From the appearance of this kind of $$T^{\mu\nu}$$ on the right-hand-side of Einstein's field equations for General Relativity, it is obvious that energy density, momentum density, etc. must be measurable, because they create curvature in spacetime. Curvature is measurable, and therefore $$T^{\mu\nu}$$ is measurable. Thus is it not the case that only differences in energies are physically meaningful. The "absolute" value of the energy density is meaningful, because it curves spacetime.
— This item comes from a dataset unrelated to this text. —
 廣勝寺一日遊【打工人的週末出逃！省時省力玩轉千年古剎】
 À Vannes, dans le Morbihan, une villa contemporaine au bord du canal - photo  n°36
There is a standard procedure due to Hilbert and Einstein for finding stress-tensors that are conserved, gauge-invariant, Lorentz-covariant, and symmetric, namely by functional integration of the Lagrangian density with respect to the metric:

$$T_{\mu\nu} = \frac{-2}{\sqrt{-g}} \frac{{\delta\mathcal{L}_{\text{matter}}\sqrt{-g}}}{\delta g^{\mu\nu}}.$$

When one uses such a $$T^{\mu\nu}$$ for a system of point particles and electromagnetic fields, the result for the hydrogen atom (in the order-$$\alpha^2$$ approximation that the question uses) is identical to the "naïve" calculation presented in the question. But it is completely gauge-invariant from beginning to end.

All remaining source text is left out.